The solution is obtained by solving the endogenous variables for the exogenous variables: \[\begin{align} P_i = \frac{\alpha - \delta + \gamma X_i - \zeta Z_i + \epsilon_i - \nu_i}{\theta - \beta} \\ Q_i = \frac{\alpha \theta - \beta \delta + \theta \gamma X_i - \beta \zeta Z_i + \theta \epsilon_i - \beta \nu_i}{\theta - \beta} \end{align}\]
This is the mapping from the exogenous variables to the endogenous variables in the structural model.
This is the reduced-form of the model.
2.3 Ordinary-Least-Squares (OLS) estimation of the demand and supply model
- OLS is applied to the reduced-form of the model.
- The reduced-form model is represented by the following equation: \[\begin{align} P_i &= \pi_1 + \pi_2 X_i + \pi_3 Z_i + \sigma_1 \varepsilon_i\\ Q_i &= \pi_4 + \pi_5 X_i + \pi_6 Z_i + \sigma_2 \upsilon_i \end{align}\]
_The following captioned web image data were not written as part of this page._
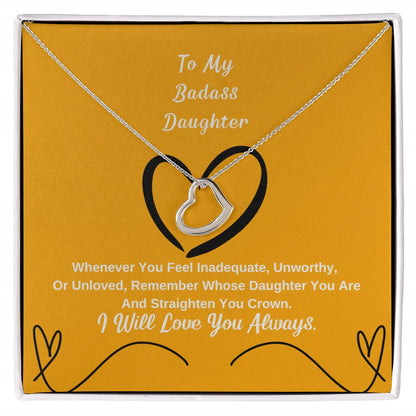To My Badass Daughter, I Will Love You Always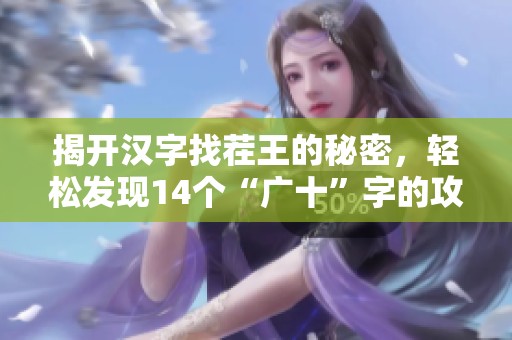 揭开汉字找茬王的秘密，轻松发现14个“广十”字的攻略技巧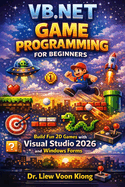 VB.NET Game Programming for Beginners: Build Fun 2D Games with Visual Studio 2026 and Windows Forms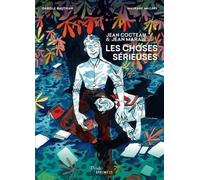 Jean Cocteau & Jean Marais - Les Choses Sérieuses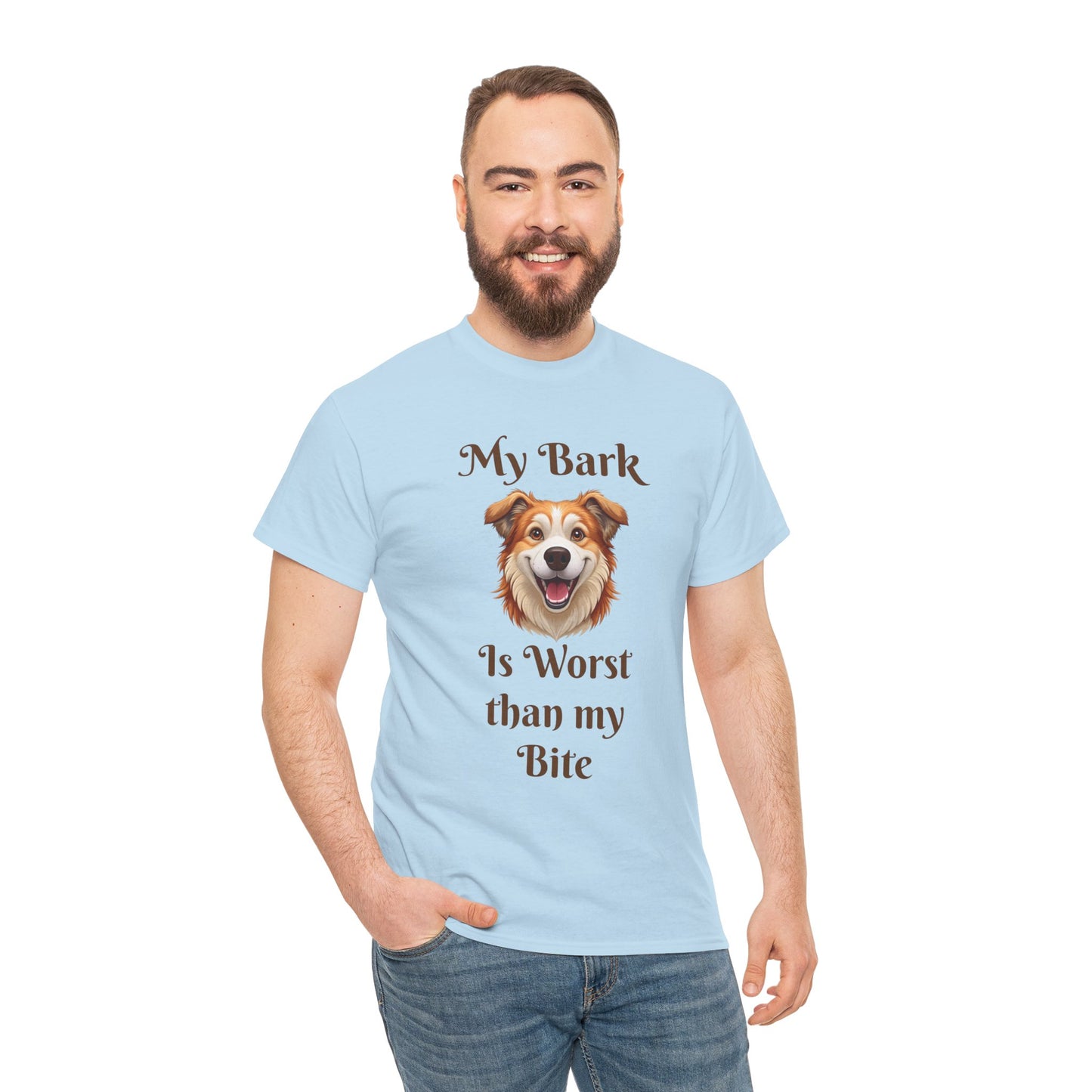 My Bark Is Worse Than My Bite T-Shirt — Funny Dog Lover Tee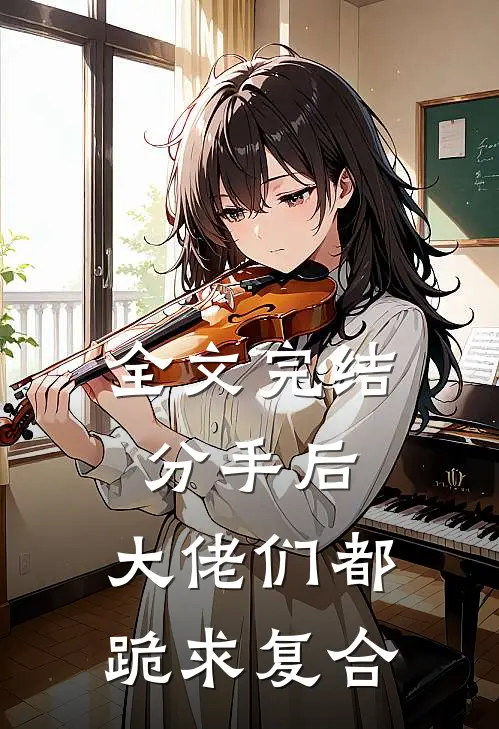 全文完结分手后：大佬们都跪求复合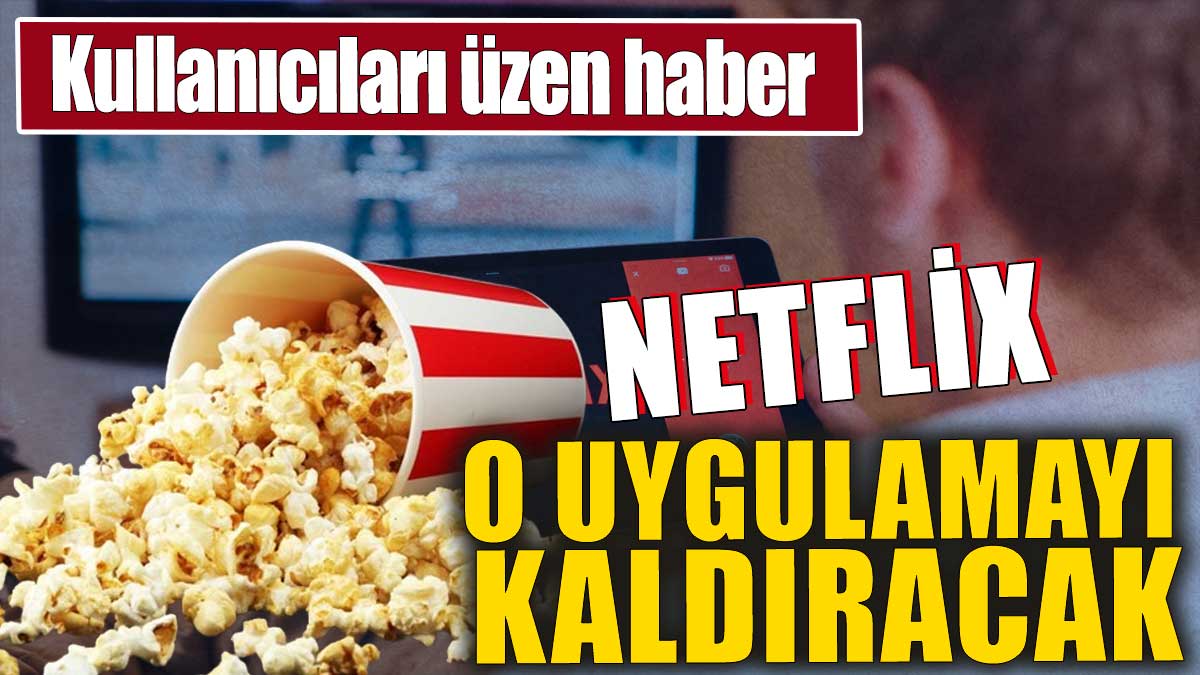 Netflix o uygulamayı kaldıracak. Kullanıcıları üzen haber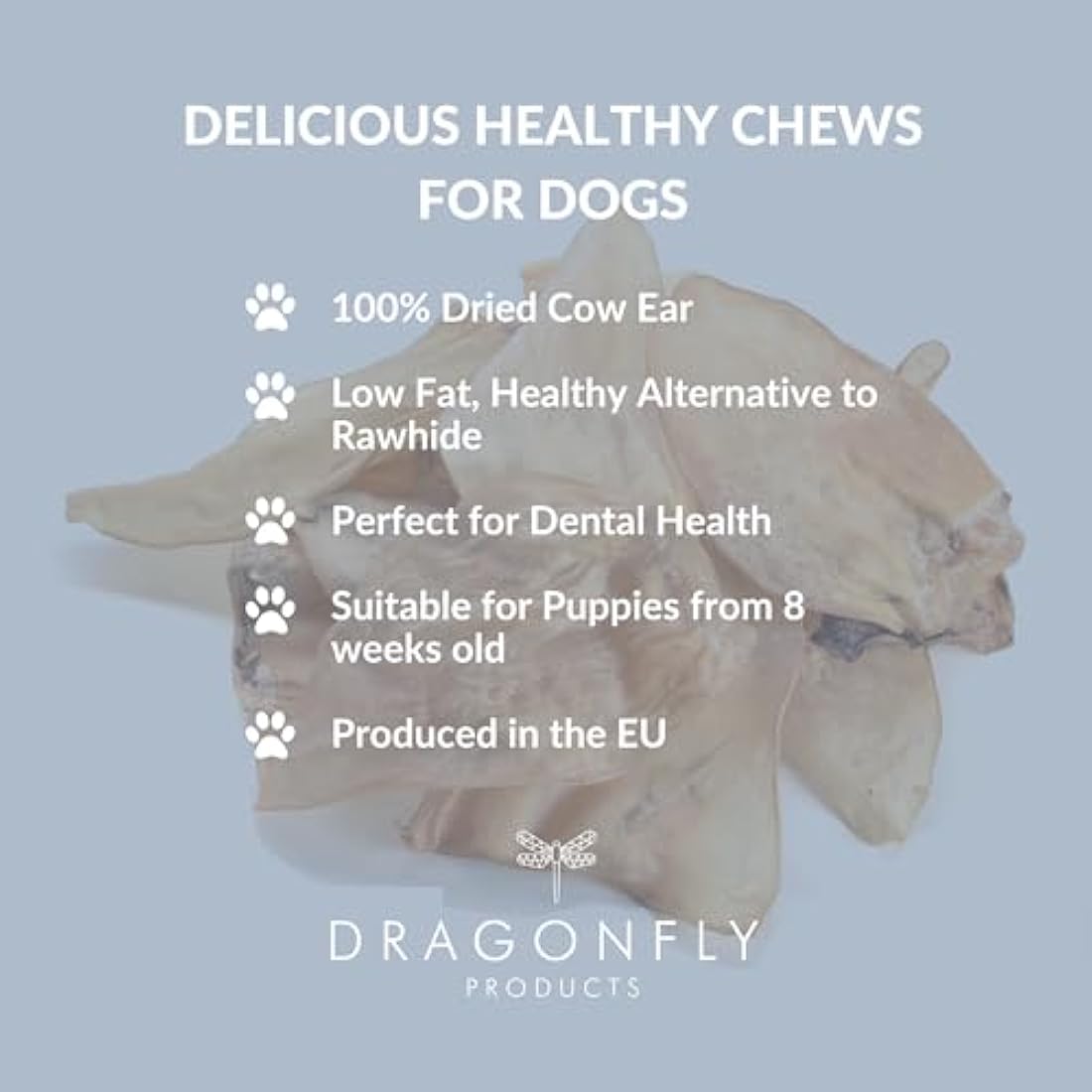 Dragonfly Products - 25 Pieces Air Dried Cows Ears Dog Treats | Natural Grain Free | Hypoallergenic & Low Fat | 100% EU | Dental Health | Gluten Free Whole Beef Ear Chew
- The parameters of the reduced-form model are: \(\pi_0, \pi_1, \pi_2, \pi_3, \pi_4, \pi_5, \sigma_1, \sigma_2\) are related to the parameters of the structural-form model as follows: \[\begin{align} \pi_1 = \frac{\alpha - \delta}{\theta - \beta} \\ \pi_2 = \frac{\gamma}{\theta - \beta} \\ \pi_3 = \frac{-\zeta}{\theta - \beta} \\ \pi_4 = \frac{\alpha \theta - \beta \delta}{\theta - \beta} \\ \pi_5 = \frac{\theta \gamma}{\theta - \beta} \\ \pi_6 = \frac{- \beta \zeta}{\theta - \beta} \\ \sigma_1 = \frac{1}{\theta - \beta} \\ \sigma_2 = \frac{\sqrt{\theta^2 + \beta^2}}{\theta - \beta} \end{align}\]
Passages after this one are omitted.